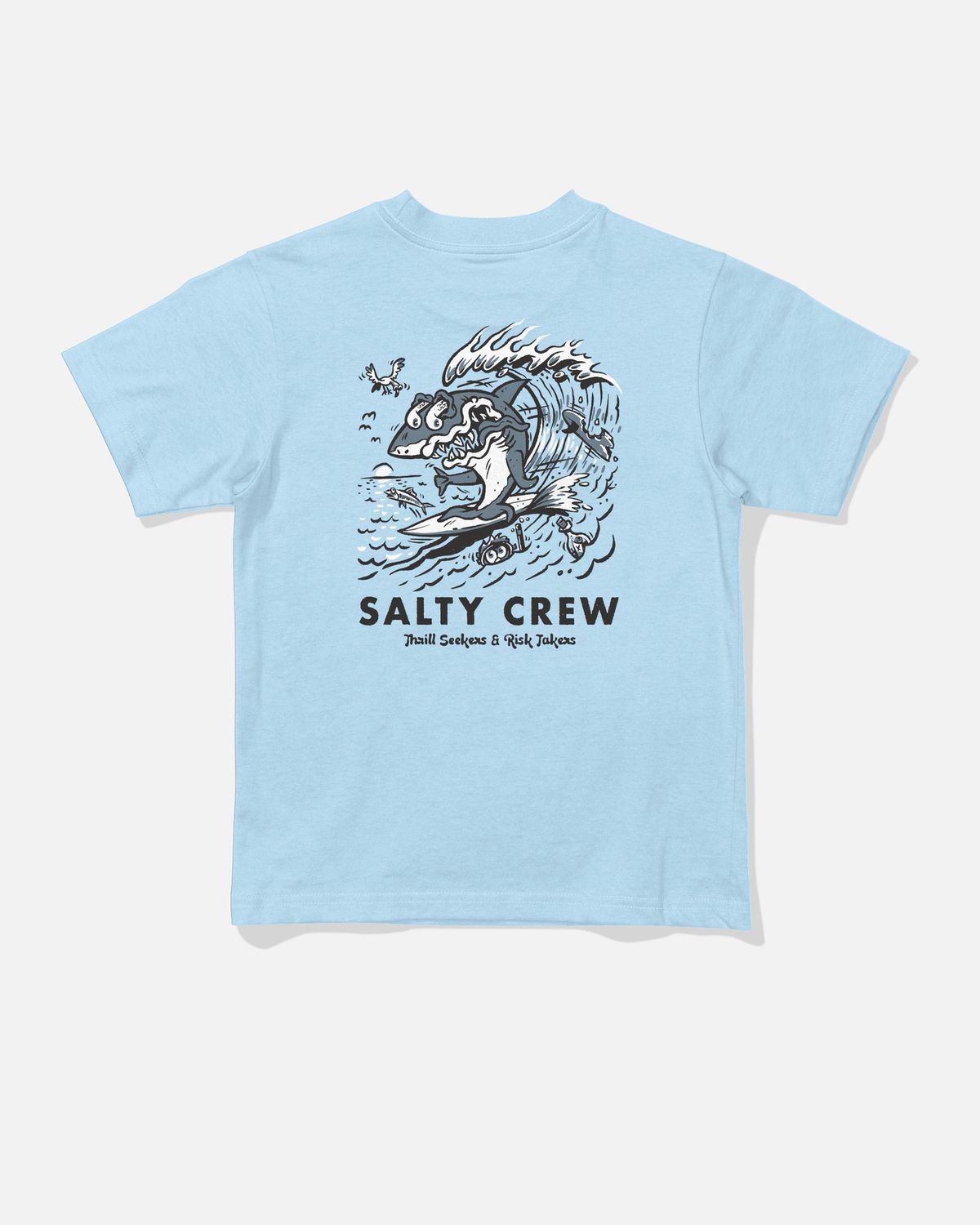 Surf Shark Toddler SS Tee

------------------------------------------------

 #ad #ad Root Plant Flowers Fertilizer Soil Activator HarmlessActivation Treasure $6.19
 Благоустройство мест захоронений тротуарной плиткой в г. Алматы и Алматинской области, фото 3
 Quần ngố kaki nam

------------------------------------------------

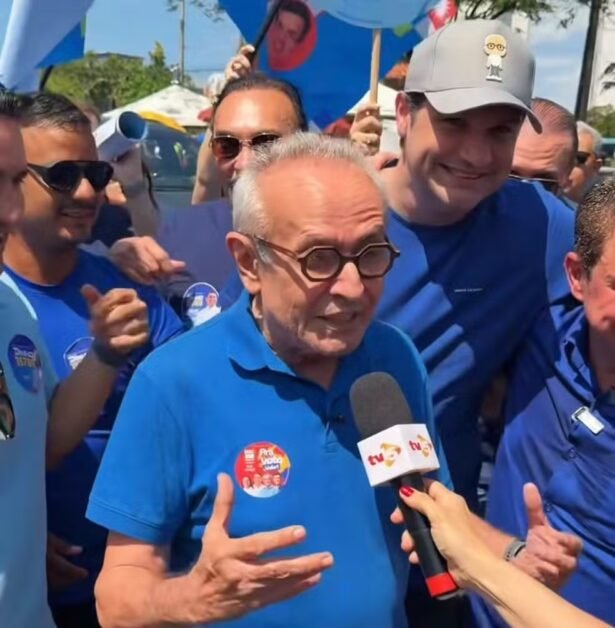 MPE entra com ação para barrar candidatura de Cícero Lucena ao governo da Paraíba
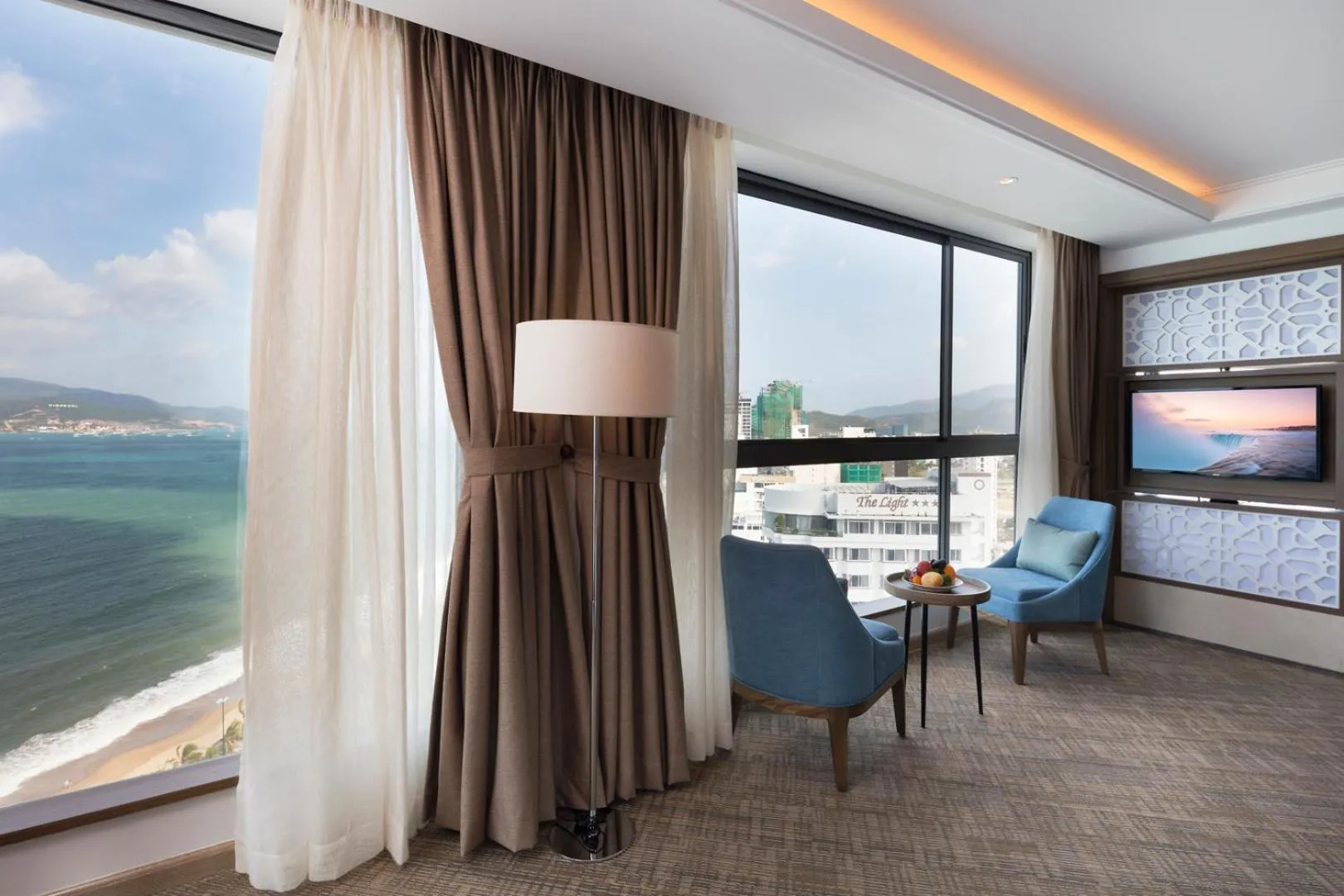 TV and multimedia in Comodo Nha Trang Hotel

------------------------------------------------

## WORK TASK
Reproduce the lines above beginning at the line that contains "MPE entra com" and ending at the line that contains "TV and multimedia in Comodo Nha Trang Hotel". No pictures.

## RESULT FOR THIS TASK
 MPE entra com ação para barrar candidatura de Cícero Lucena ao governo da Paraíba
 TV and multimedia in Comodo Nha Trang Hotel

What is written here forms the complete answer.